There was silence. I cringed and covered my face. I’d blown it. I gathered myself and cleared my throat. ‘Hello?’

I waited for a smart response, something cynical and cold, but it didn’t come. Instead his voice was soft, the background wherever he was had gone quiet and I was worried everyone had stopped to listen to me.

‘You know we have people in here to talk to after an event like this,’ he said, gently for once. ‘I told you that night. I gave you a card. Do you still have it?’

‘I don’t need to talk to anyone,’ I said angrily.

‘Sure.’ He dropped the nice-guy act. ‘Look, as I was saying before you interrupted me, there are no funeral details. There was no funeral. I don’t know where you got your information but they’ve been telling you porkies.’

‘What do you mean?’

‘Porky pies, lies.’

‘No, what do you mean, there was no funeral?’

He sounded exasperated at having to explain something that was glaringly obvious to him. ‘He didn’t die. Yet, anyway. He’s in hospital. I’ll find out where. I’ll put a call through to them to let them know you’re able to see him. He’s in a coma though, won’t be doing much talking.’

I froze, speechless.

There was a long silence.

‘Is there anything else?’ He was on the move again, I heard a door bang and then he was back to the room with the loud voices.

I struggled to formulate a single thought as I slowly sank into my armchair.

And sometimes when you witness a miracle it makes you believe that anything is possible.

3

How to Recognise a Miracle and What to Do When You Have

The room was still and quiet, the only sounds were the steady beeping of Simon’s heart monitor and the whoosh of the ventilator as it assisted his breathing. Simon was the polar opposite of how I’d last seen him. Now he looked peaceful, the right side of his face and head bandaged, the left side serene and smooth as if nothing had happened. I chose to sit on his left side.

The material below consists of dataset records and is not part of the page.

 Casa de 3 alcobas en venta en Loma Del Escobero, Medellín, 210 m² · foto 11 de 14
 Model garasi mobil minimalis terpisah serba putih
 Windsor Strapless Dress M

‘I saw him shoot himself,’ I whispered to Angela, the nurse on call. ‘He held a gun up right here,’ I gestured, ‘And pulled the trigger. I saw his – everything – go everywhere
… how did he survive?’

Angela smiled, a sad smile, not really a smile at all, just muscles working around her lips. ‘A miracle?’

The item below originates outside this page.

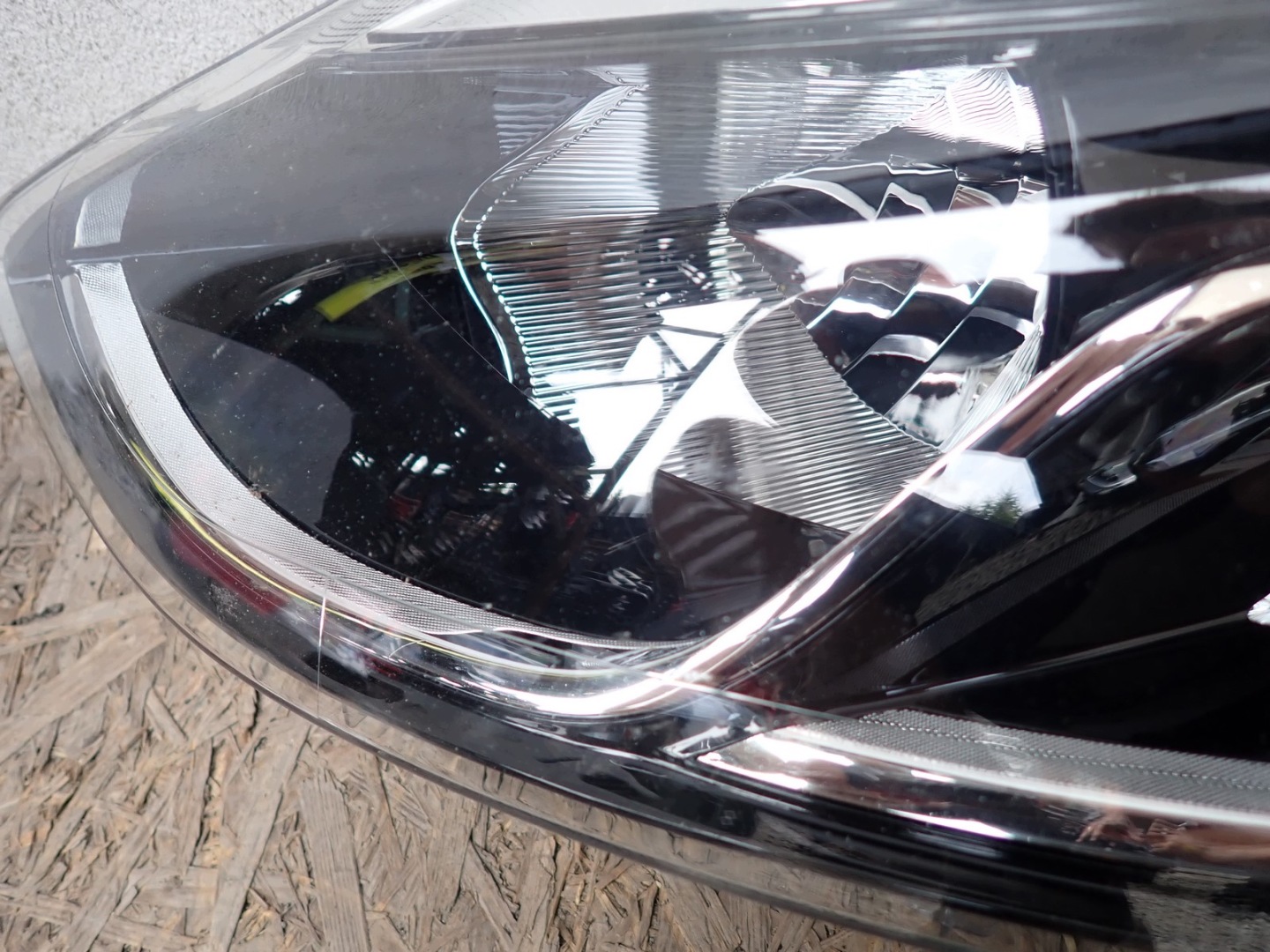 light left REFLEKTOR left RENAULT CLIO IV LIFT 16- 260608367R 080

‘What kind of a miracle is that?’ I continued to whisper, not wanting Simon to hear me. ‘I keep going over it, over and over in my head.’ I’d been reading books about suicide and what I should have said, and they say that if you can get a person threatening suicide to think rationally, if they actually think about the realities of suicide and its aftermath, then they could, they
might
abort the decision. What they’re looking for is a quick fix to end the emotional pain, not to end their lives, so if you can help them see another way to ease the pain then maybe you could help. ‘I think, considering I had no experience, that I did okay, I think I really got through to him. I think he really responded to me. For a moment, anyway. I mean, he put the gun down. He let me call the guards. I just don’t know what it was that sent him back into that head space.’